Cash vs. finance on buy and hold

7 Replies

Hello all,

I am looking to purchase my first buy and hold property in the Orlando area and was hoping to get some opinions/advice. I am searching in the 130K to 150K range and I have the ability to pay cash. Does it make more sense to pay cash and then mortgage the property or is financing it up front a better option? From what I have researched, I will have more leverage on pricing with an all cash offer, but is the difference worth the additional fees, closing costs, etc. if I have to turn around and mortgage the property? Any input would be appreciated. Thank you.


@John D. , if you're going to finance it (later) anyway, why should that cost you more in "additional fees, closing costs, etc", than getting it financed before closing?

Or, are you also questioning (like the thread title suggests): why finance it ever?

[On the pay-cash-first idea, you already summarized the pros well]. Welcome to BP...

@John D  Some time property is not in livable condition so Investors do buy in cash or buying cash give them more equity in house because of cash buyer.  If this is not scenario in your case, you should purchase with finance because make no sense paying double closing cost. 
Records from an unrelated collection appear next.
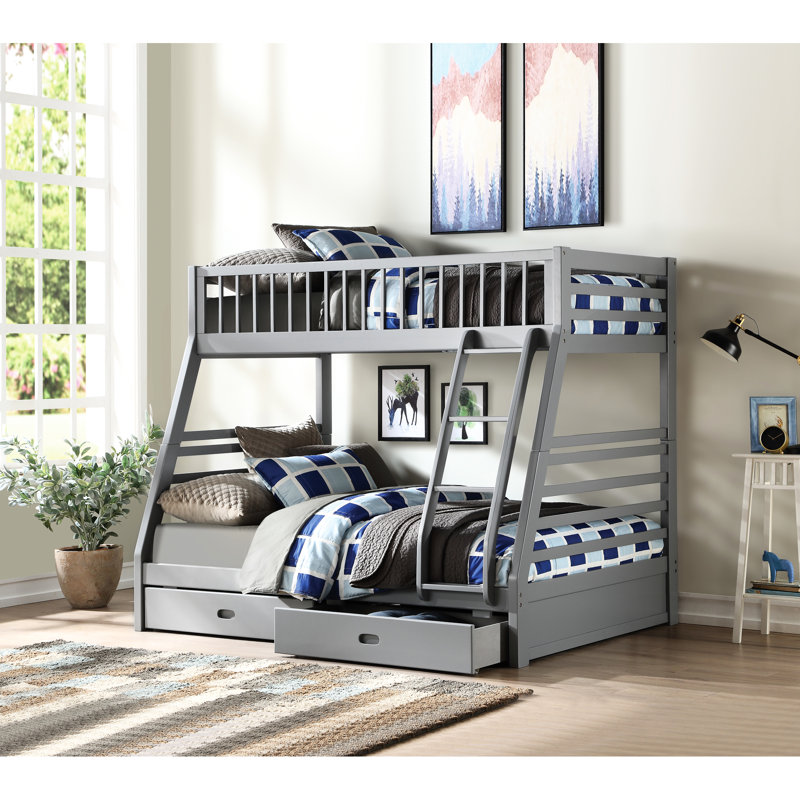Lit superposé simple / double avec 2 tiroirs et rangement - Gris, conception convertible, façade droite, garde pleine longueur, système de lattes en pin 6 + 6, style, garde-corps faisant face, tiroirs, fabrication en bois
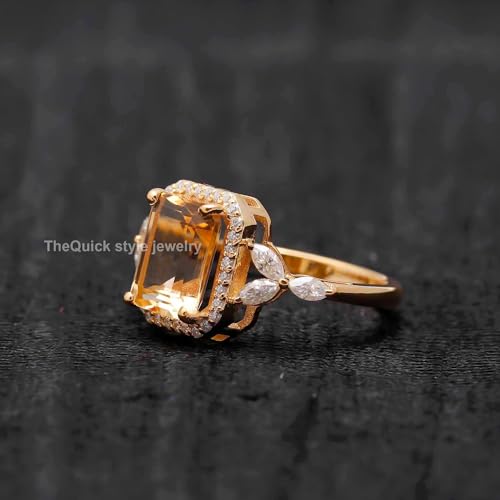 18K Yellow Gold Citrine Engagement Ring - Octagon Cut 3.20 Carat 10x8 MM - Genuine Moissanite - D Color (VVS1) Wedding Ring, Citrine Bridal Promise Ring for Women, Anniversary & Valentine Day Proposal Ring, November Birthstone Gifts {QS-CT-13}4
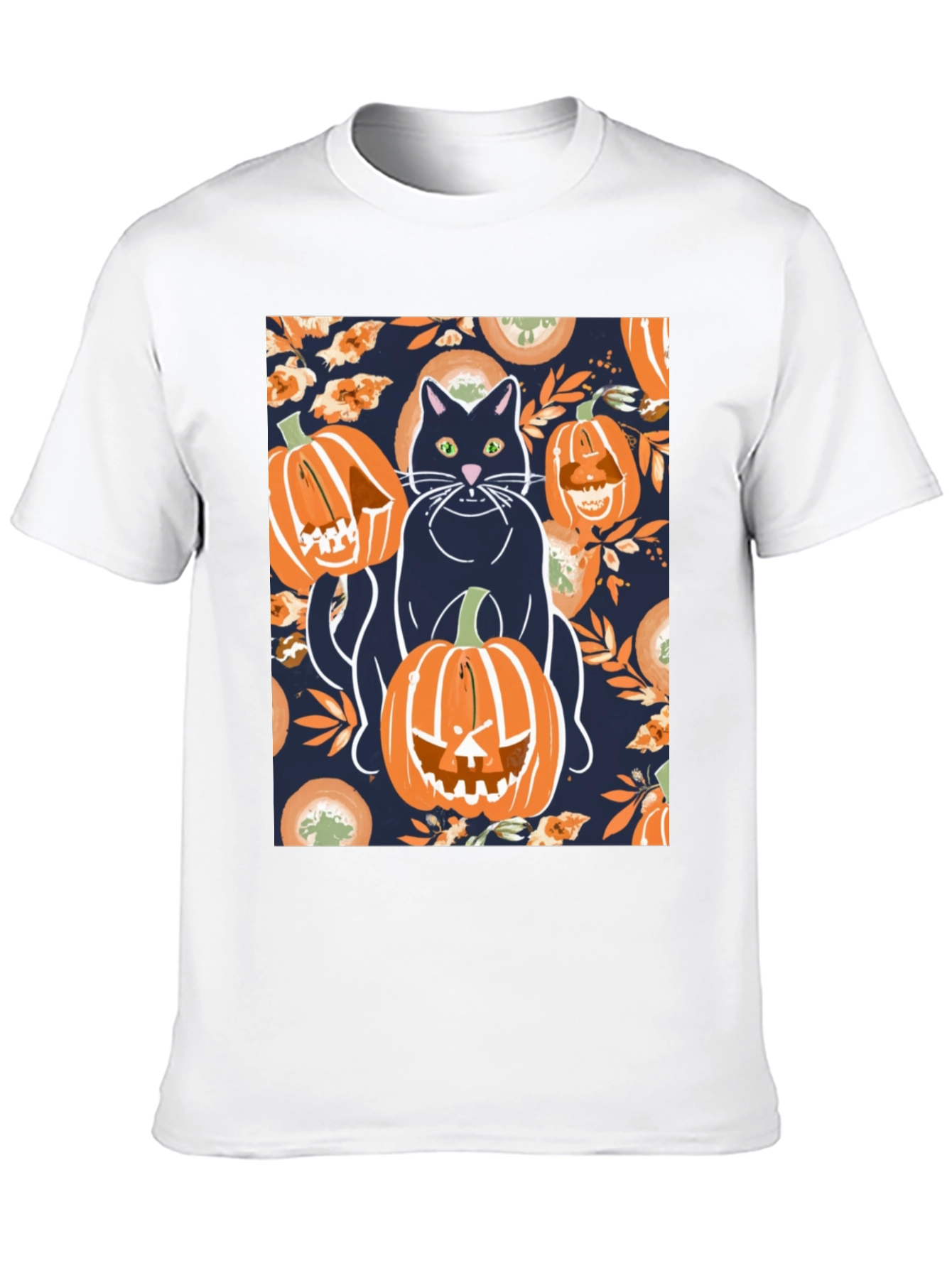 Camiseta Hombre Halloween: Gato y Calabazas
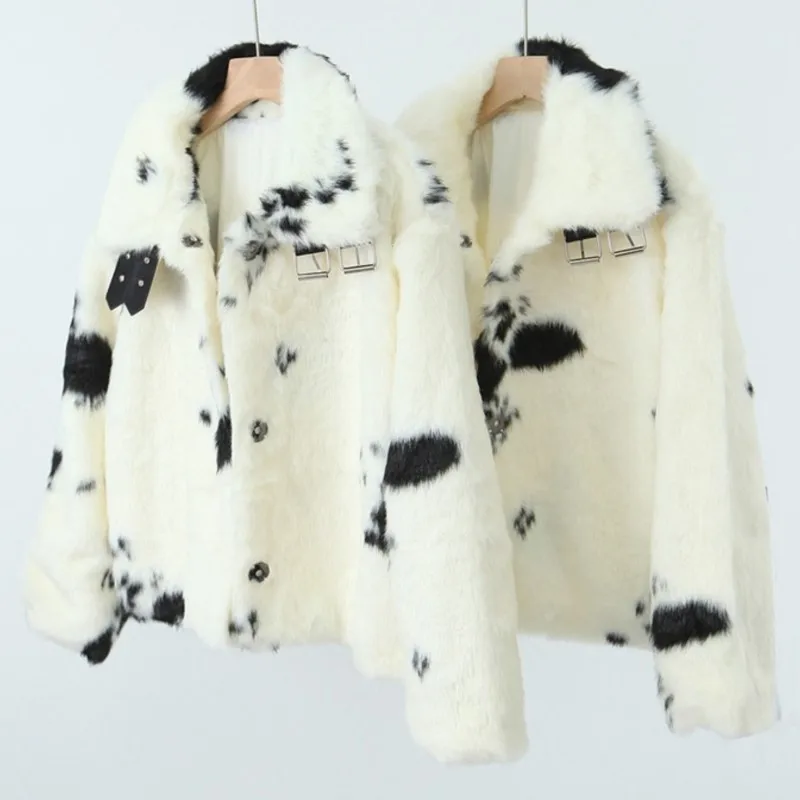 4XL Good Quality Faux Fur Coat Women Plus Size 2022 Winter Imitation Mink Black And White Cow Warm Thick Short Jacket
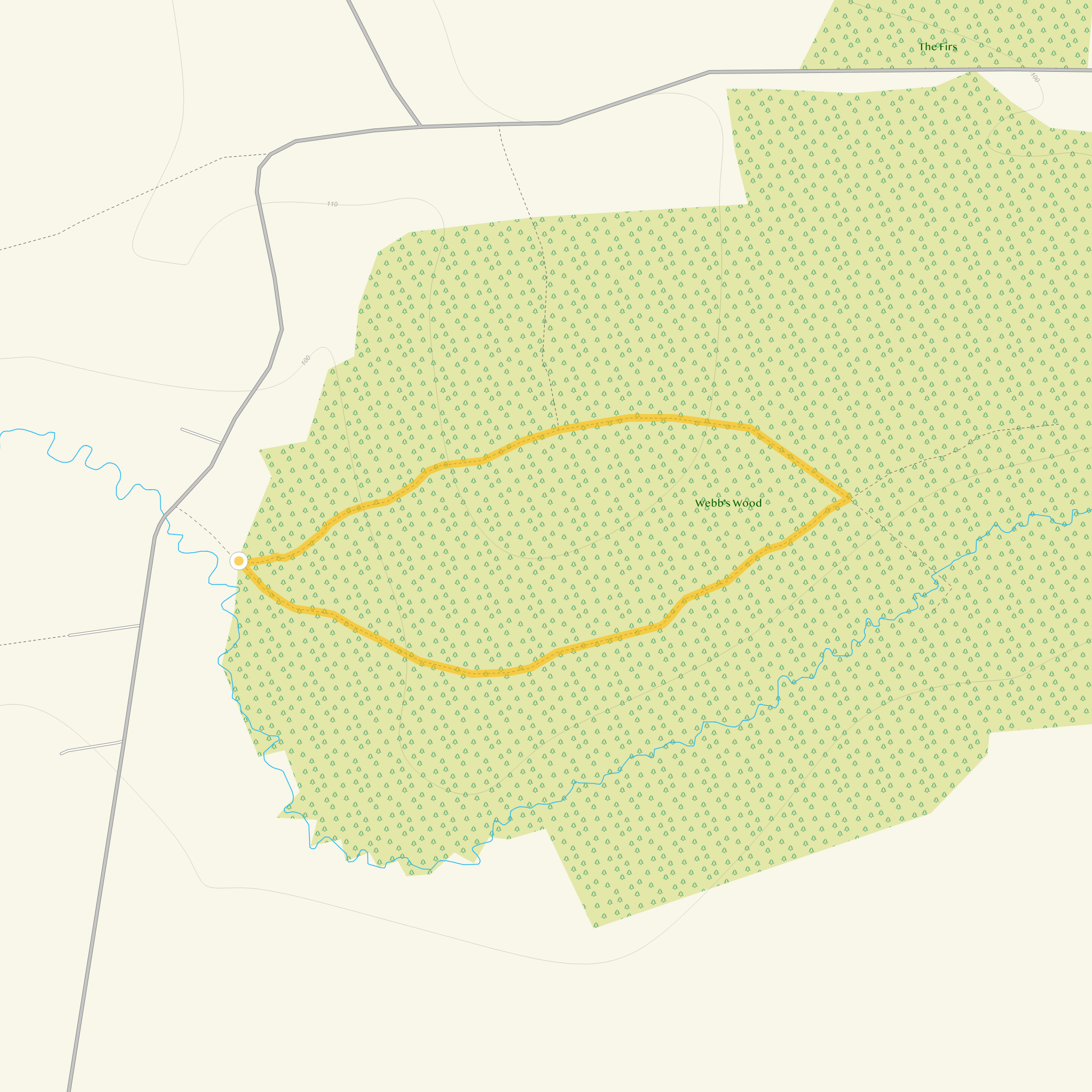 Route map for Short Route, a 1.25 mile circular walk in Wiltshire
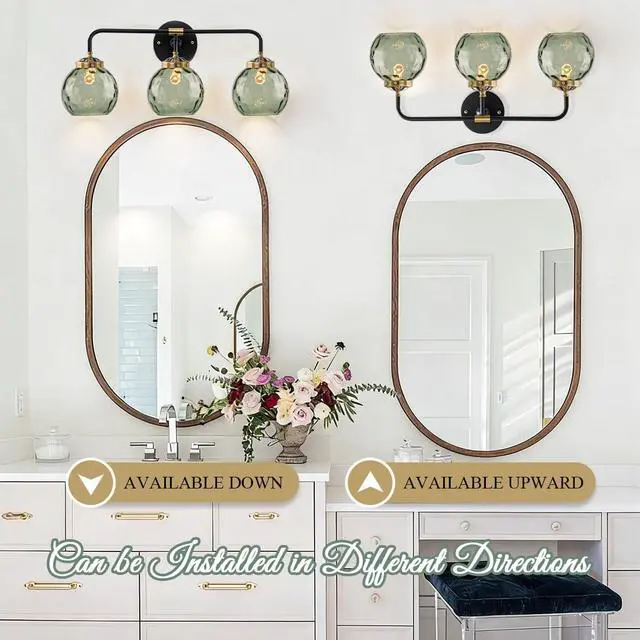 Alt view image 5 of 7 - Glass Vanity Light Mid Century Bathroom Wall Light Fixtures Black 3-Light Sconce with 5.9" Green Globe Shade Vintage Vanity Wall Lighting Indoor Glass Wall Lamp Over Mirror Sconce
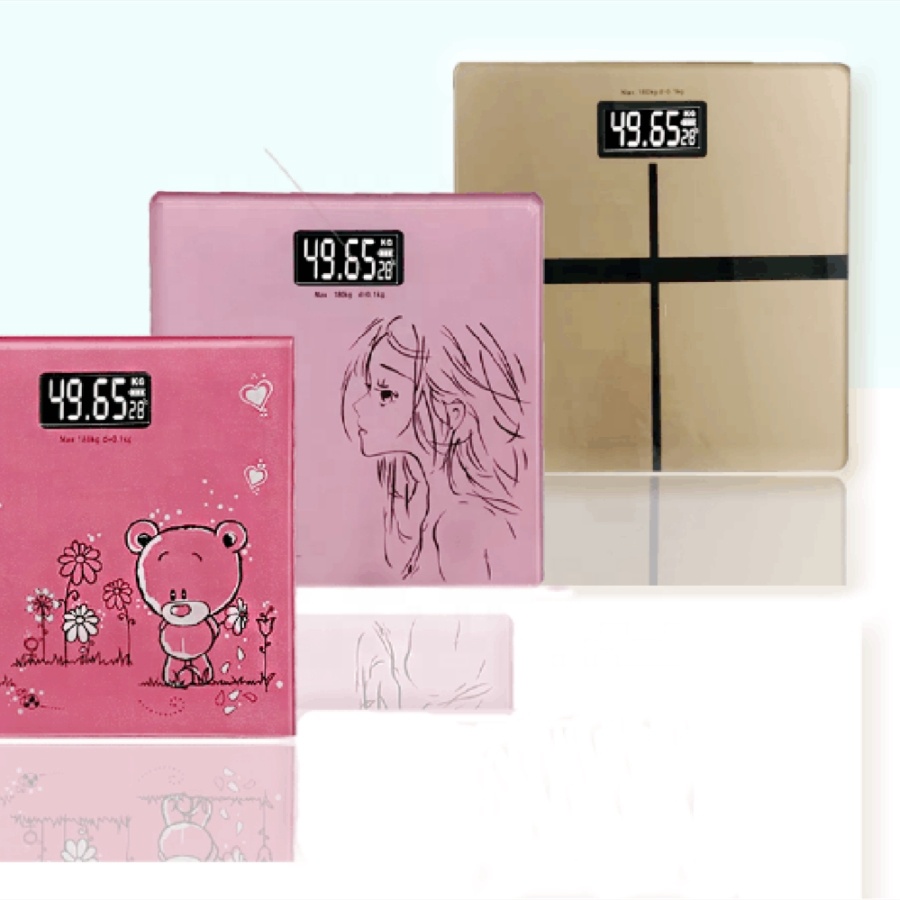 Safe Tempered Glass Panel Custom Logo Printing Body Healthy Weighting Scale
One consideration is how competitive your market is. My market is hot right now especially for investments. Cash is king here and you might have a hard time competing for the good deals if you are using financing. If you plan on using financing anyway, take advantage of the Delayed Financing exception and you can pay cash up front and get your purchase price + closing costs back relatively quickly as long as the deal is good enough. 

Thank you all for the feedback. @Rashad Luckett  I had not heard of the delayed financing exception. I will definitely look into that option. 

It's best to take advantage of a wholesale priced property and get it rent-ready, then re-finance to the max LTV and do it again! Makes no sense to get all your capital tied into 1 property with the ability to pull it out (plus the cash on cash ROI will be extraordinarily higher on a mortgaged property)

@Chris Grenier Thanks Chris. That is the strategy I am looking into. I'm still in the process of building my team, but that seems to be the best option for ROI. Ultimately, my goal is to obtain multiple buy and holds for long term growth. Any suggestions for locating such properties? I read about Home Path for foreclosures, but I am a little concerned about major rehabs being out of state and new to real estate investing.

REO’s are nearly impossible to get at good prices anymore, the inventory is so low that when one does pop up it has a ridiculous amount of offers from every angle.

Don’t be afraid of a rehab if you have a good crew and pieces of the puzzle organized, the only way to really get a good deal in this market these days without spending $25K a month on Seller Marketing is finding a fixer upper (wholesale usually).